Я извинился, Взывать к праву дипломатической неприкосновенности было бы сейчас неуместно: я мог бы избавиться от штрафа, показав ему свои документы, но это потребовало бы длинного обсуждения. Кто-нибудь из моих советских коллег мог, проезжая мимо, увидеть нас. Они могли бы заметить время, Кому-нибудь показалось бы странным, что в семь часов я находился в нескольких милях от Глен-Коува, а появился там только через несколько часов. Я не мог позволить себе так рисковать. Сейчас мне было нужно только одно: поскорее добраться до Манхэттена. Поэтому я без возражений принял упреки полицейского и повестку в суд, которую он мне вручил.

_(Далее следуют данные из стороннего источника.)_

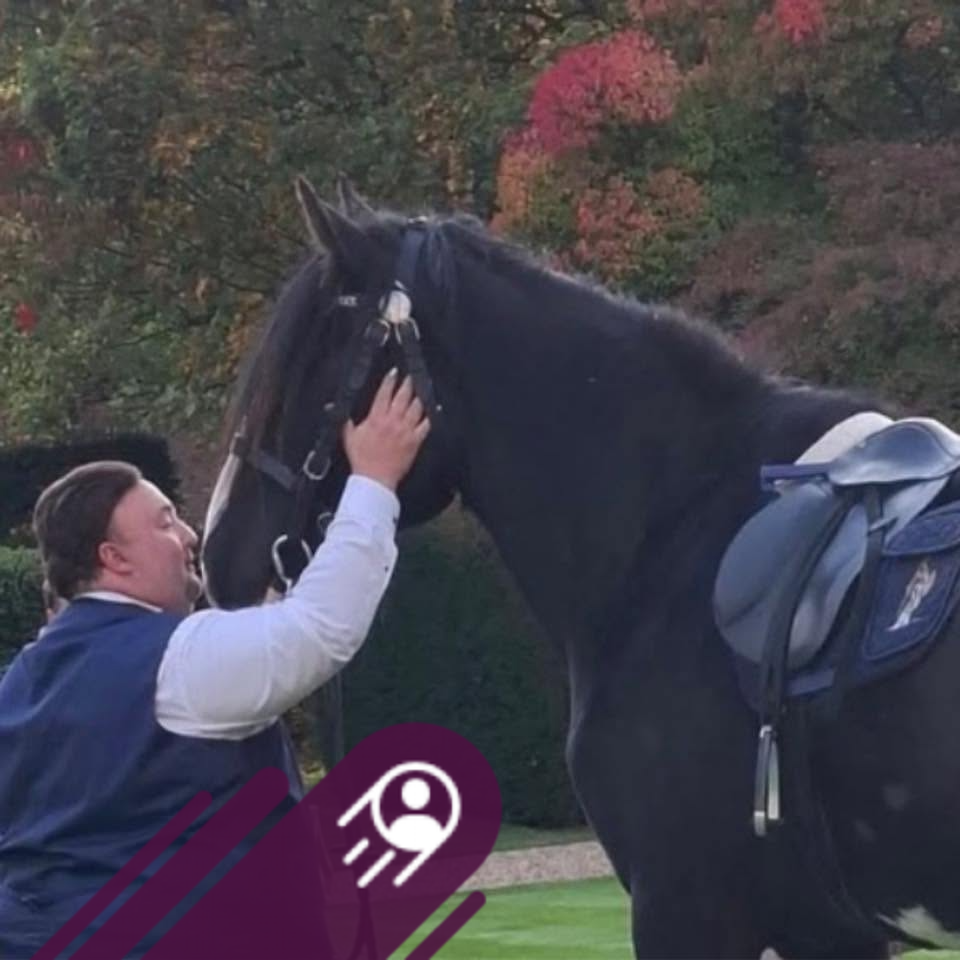 Horse Source Benalla/Wangaratta | Hi all! I am chasing someone for some ...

Все это началось за несколько недель до того, в моем кабинете в здании ООН, Именно там я принял окончательное решение порвать с советской системой.

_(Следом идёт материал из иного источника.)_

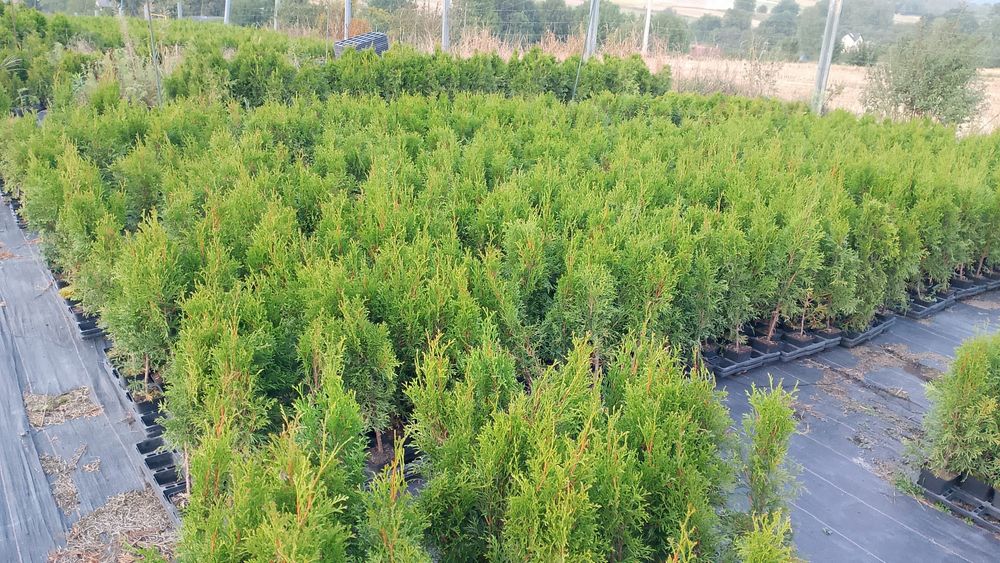 Thuja Smaragd, Tuja Szmaragd 60 cm cena 3 zł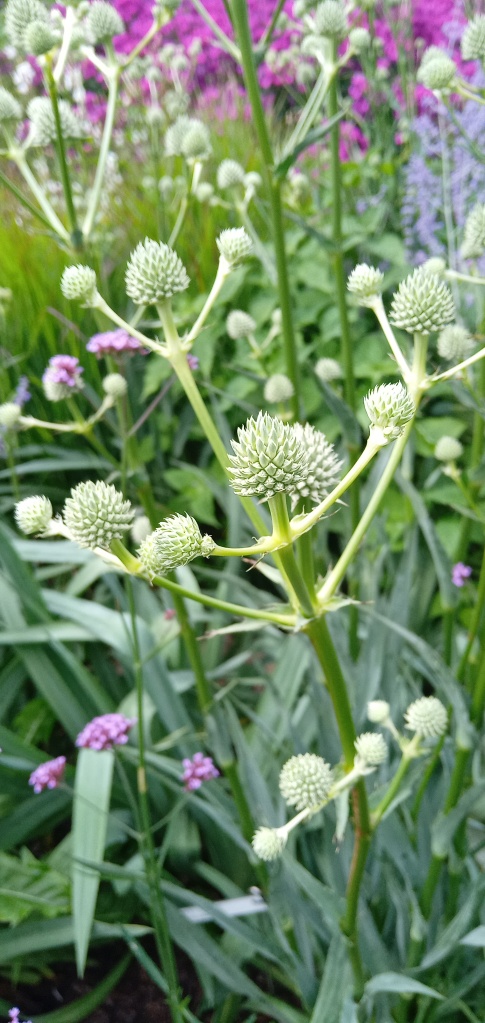 Erygium yuccifolium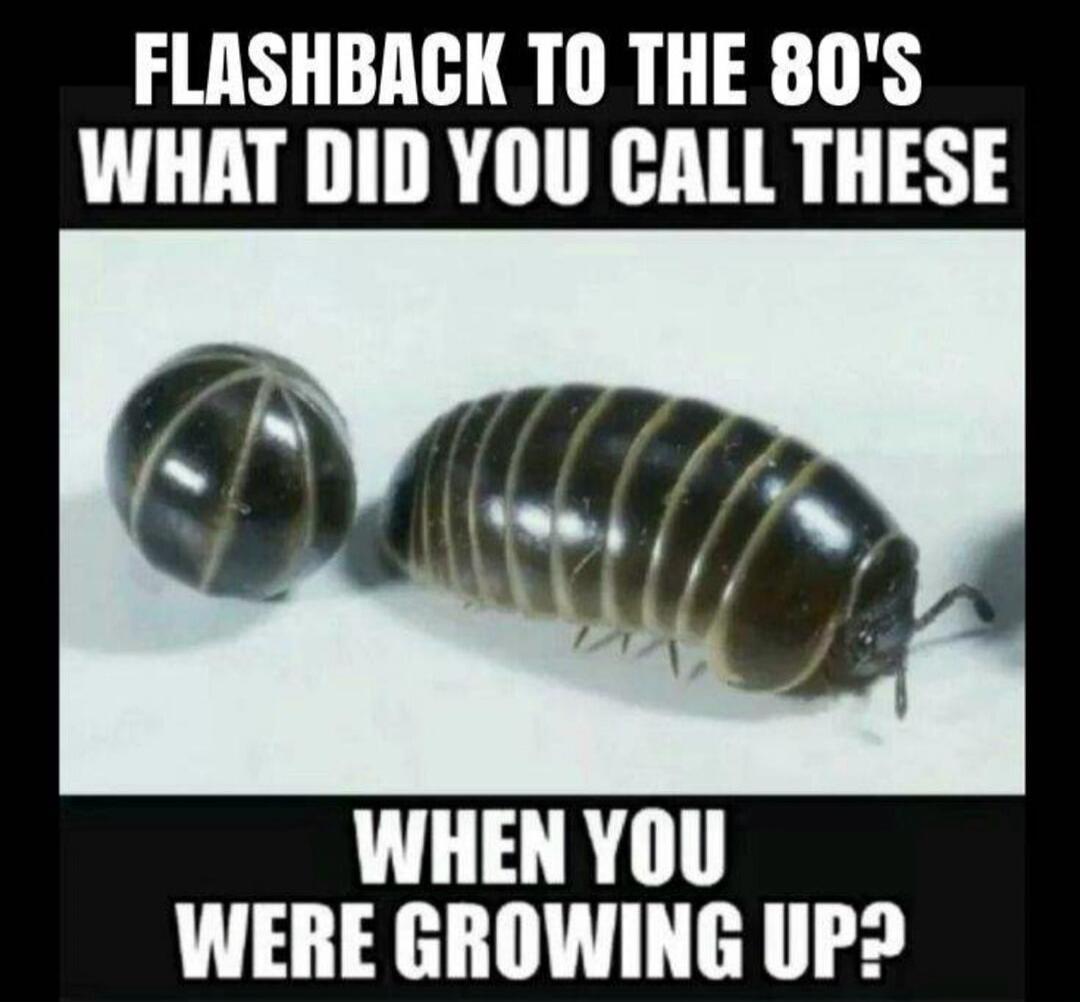 FLASHBACK TO THE 80'S WHAT DID YOU CALL THESE WHEN YOU WERE GROWING UP?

Многие мои коллеги по ООН считали меня представителем твердой линии, ортодоксом, верным ревнителем советских интересов в Секретариате, человеком, который ни на минуту не поколебался бы нарушить правила в пользу СССР. У них были причины так думать. В моей работе было очень важно подчиняться давлению из Москвы и настояниям Якова Малика, советского посла в ООН, а представление обо мне как об опытном советском администраторе, склонном расширять свою власть и контроль до максимально возможных пределов, тоже способствовало созданию такого образа. Больше двадцати лет я жил ценностями и целями советской системы, я был связан с ее руководителями, и это наложило на меня глубокий отпечаток. Эта среда превратила меня в некий заводной механизм, который двигался автоматически, и его нелегко было остановить.
Однако по мере созревания моей неудовлетворенности советской системой и всего, что она представляла, созревала и моя решимость оказывать хотя бы скромную поддержку идеям или мерам, противоречащим советским интересам. И независимо от того, были ли это малозначительные или важные дела, я чувствовал удовольствие от того, что мог им способствовать. Но знали ли об этом американцы? В этом я сомневался. Мне казалось, что моя репутация может ослабить их веру в мою искренность. Они, наверное, будут допытываться о причинах моего решения, и вряд ли им будет достаточно объяснений насчет моего разочарования или недовольства. Я полагал, что они с интересом выслушают меня, но не более. Разрядка шла как раз полным ходом, и согласятся ли Соединенные Штаты связываться со мной, рискуя при этом хоть чуточку повредить ее развитию? Скорее всего, Советы обвинят США в том, что это именно они портят отношения между странами. В конце концов, что стоит один человек, сколь бы высоким ни было его положение, по сравнению с интересами целой страны?..
К тому же американцы могут решить, что я играю с ними в какие-то игры, или, того хуже — что я сошел с ума. Они могут заподозрить, что я наркоман или алкоголик, неспособный больше функционировать.